Hope this helps solve the problem.


----------



## Shawneshawn (Apr 25, 2011)

Aloha,
I agree with fabricworks, also I would only by sub paper from a reputable company, paper quality is important. As far as sub ink for epson 1100 don't waste your money ,you will spend a small fortune on ink and have never ending problems.buy a printer that is a quality printer made to handle sub ink . You can buy a ricoh 3300 turnkey system for $450.00 and it will come with 100 free sheet of paper.you will spend that much on ink alone for the epson plus you will have a whole lot of problems.I use the ricoh and have had great sucess , the piezo head gel sprinter is in my opinion a great set up for sublimation. Also you might be getting blotched prints due to un even print surface like seams,wrinkels, and such. Make sure nothing is in the way of your total print area, I have had similar problems due to careless preperation
conde systems has a ton of videos on you tube about doing sublimation
I hope this helps you ......... Shawn


----------



## pathfinder (Apr 28, 2011)

Thanks FW,
As far as I know it is 100% nylon, but it is the stretchy stuff, sport jersey I think it's called. The worst colors that blotch up are the dark ink colors like black ink on orange. Man, it looks like I pained it with a sponge. Thanks for the reply.


----------



## pathfinder (Apr 28, 2011)

Thanks Shawn,
I had that feeling, that the 1100 was not going to be good enough. Man, I wish I wasn't such a cheap bas****. I should have joined this forum and asked questions first.
Thanks again, I will look into the ricoh right now.


----------



## FabricWorx (Apr 22, 2011)

pathfinder said:


> Thanks Shawn,
> I had that feeling, that the 1100 was not going to be good enough. Man, I wish I wasn't such a cheap bas****. I should have joined this forum and asked questions first.
> Thanks again, I will look into the ricoh right now.


There is no doubt that the Ricoh printers with subli inks are the better option over the Epson, but no need to beat yourself up about purchasing the Epson 1100. I am sure there are many thousands of people using the Epson printer for sublimation printing (myself one of them & no major problems).

It would be best to follow the earlier advise regarding better quality inks & paper first, then to check the fabric (is it actually suitable for sublimation printing) and then to check pressing times & pressure.
Hope you are able to resolve your problem.


----------



## pathfinder (Apr 28, 2011)

Thanks again FW.
I am wicked disappointed in the results I am getting so far with the workforce 1100 and the paper and ink that I got on ebay.

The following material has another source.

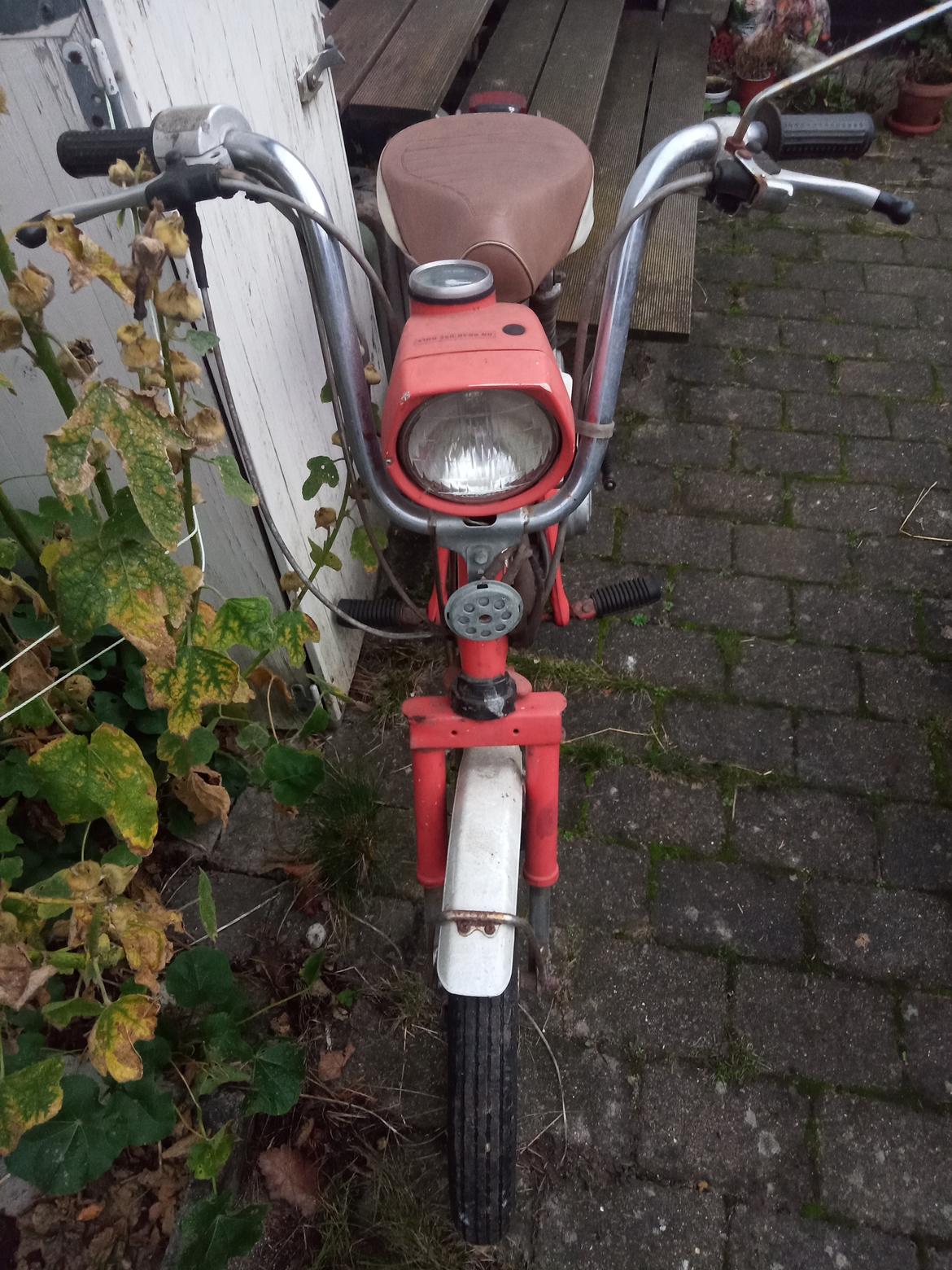 Honda Express  billede 6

I'm tempted to try another paper but the ink is too expensive to be buying just to try.
I looked at the GX3300 printer this morning and added it to my wish list, but this time I want to be sure that it will work.
Maybe, just maybe, I'll try some different paper on the 1100 first but I have my doubts. Are you certain that the Ricoh 3300 will print good clear non blotchy prints? I don't want to spend more than the 500 bucks but if I need to I can spend a little more for peace of mind.
Thanks again!


----------



## okiebruce (Dec 15, 2009)

I've used epsons for over ten years for sublimation. Had good luck with them so your 1100 should work. Can you get some polyester fabric to try your setup on? 
What is your time and temp in the heat press?
I do sublimation on metal and my setup in the heat press is teflon, paper towel, transfer paper, my metal face down taped to the transfer paper, paper towel, teflon.

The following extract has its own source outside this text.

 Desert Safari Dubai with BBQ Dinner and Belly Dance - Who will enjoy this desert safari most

Since I started using paper towels, I have not had any blotchiness.

Bruce


----------



## LB (Jul 25, 2009)

pathfinder said:


> Thanks again FW.
> I am wicked disappointed in the results I am getting so far with the workforce 1100 and the paper and ink that I got on ebay.
> 
> I'm tempted to try another paper but the ink is too expensive to be buying just to try.
> ...


I have been around printers and graphic applications for long time. I had not ventured into sublimation because I read in this forum and others about the related problems with the Epson printers, ink clogging, people just giving up on it because of all the issues etc. The Ricoh gel system came on the scene and I guess I have looked at the system for a couple of years now. I have heard pros and cons about it. I wanted to try it, but I simply didn't have $1300 to spend on the 7000 series machine. Then came the 3300. OK, for $450 I can try this. I did. I have had the printer for about 3 weeks now. 
I got it in, unboxed it, stuck in the ink cartridges. David Gross from Conde had told me to call when I got it setup and he would set up the driver, profile and color management for me for Corel Draw. I called and 15 minutes later I was printing. 
I have seen a lot of desktop prints before and also I have a 12 color Canon wide format printer. The output from this printer, when sublimated on hardgoods or a Vapor garment just absolutely blew me away. It is fast and clean. I am very happy with my purchase. 
I cannot say whether or not this little printer will meet your needs forever, hopefully not as your business grows. What I know for sure is that it is a good printer for me as a start up system.


----------



## pathfinder (Apr 28, 2011)

Hello Okie,
Thanks for the info. It would be nice if I didn't need to buy another one. I would still keep the 1100 as it seems to do ok with small lettering. Thing is, I can see the blotching clearly on the paper image before I even print it. Then of course it looks like the image. What do you think, Paper or Ink?
Now I just wish I didn't blow 200 bucks on ink from someone on ebay.


----------



## pathfinder (Apr 28, 2011)

Hi LB,
Thanks for the info also. $1300 bucks is big pill to swallow here too. 
Don't think I like that pill. I am printing on nylon covered neoprene. Like dive and wind surfer suits and it's blotchy as hell, even on the paper before I put it in the press.
Thats why I'm thinking that it's either the paper or ink, or, cheap printer.


----------



## okiebruce (Dec 15, 2009)

Might try printing an image on regular paper, won't do for sublimation but you can find out if it is your paper or not. What brand of paper do you have? Printing on correct side of paper? The settings on your printer for what kind of paper?

Bruce


----------



## Riderz Ready (Sep 18, 2008)

Path - dye sub is tricky especially when you start out and you really need someone to hold your hand. Regardless of what you here the printer you buy makes no difference to the quality of print you get. A printer is a printer is a printer. There are only two things that matter - the ink you use and the profile. crappy ink and a crappy profiel is going to get you poor results. High end quality ink and a profile to match will provide you amazing results with no clogs reagrdless which make/model you purchase.


----------



## pathfinder (Apr 28, 2011)

Nice to know rider. It seems now that I have it nailed down to the black and red being the culprits. For instance, I printed a scuba diver with a black wet suit and a red tank.
The tank came out red and orange and the suit came out black and grey.
I'm about as frustrated as I can get. 
Thanks again.


----------



## Riderz Ready (Sep 18, 2008)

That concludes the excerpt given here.